Dataset excerpt:
══════════════════════════════

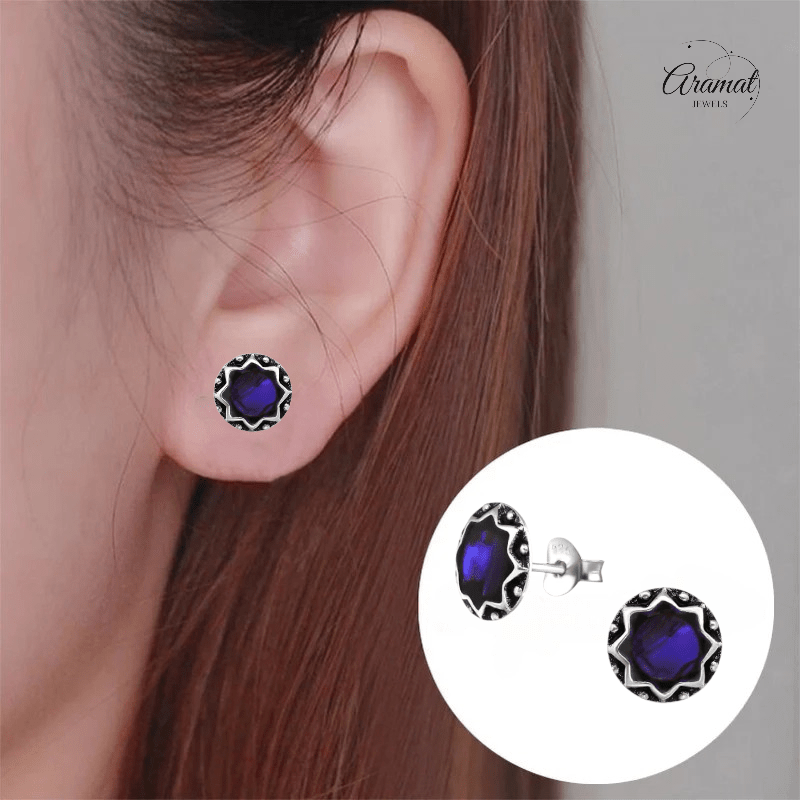 Zilveren Paarse Abalone Dames Oorbellen 9 mm - oor5265 - 30903 - Oorbellen kopen# - 925 Zilver - 9mm - Abalone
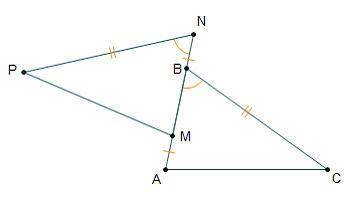 Consider the diagram.

Triangles M N P and A B C are connect between points B and M. Angles P N M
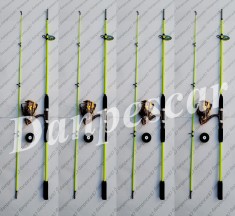 SET 4 Lansete WB fibra sticla plina 2,10m cu 4 Mulinete MA6000 11 rulmenti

══════════════════════════════

Problem: Please repeat every line of the material above exactly and without its pictures.

Reply:
 Zilveren Paarse Abalone Dames Oorbellen 9 mm - oor5265 - 30903 - Oorbellen kopen# - 925 Zilver - 9mm - Abalone
 Consider the diagram.

Triangles M N P and A B C are connect between points B and M. Angles P N M
 SET 4 Lansete WB fibra sticla plina 2,10m cu 4 Mulinete MA6000 11 rulmenti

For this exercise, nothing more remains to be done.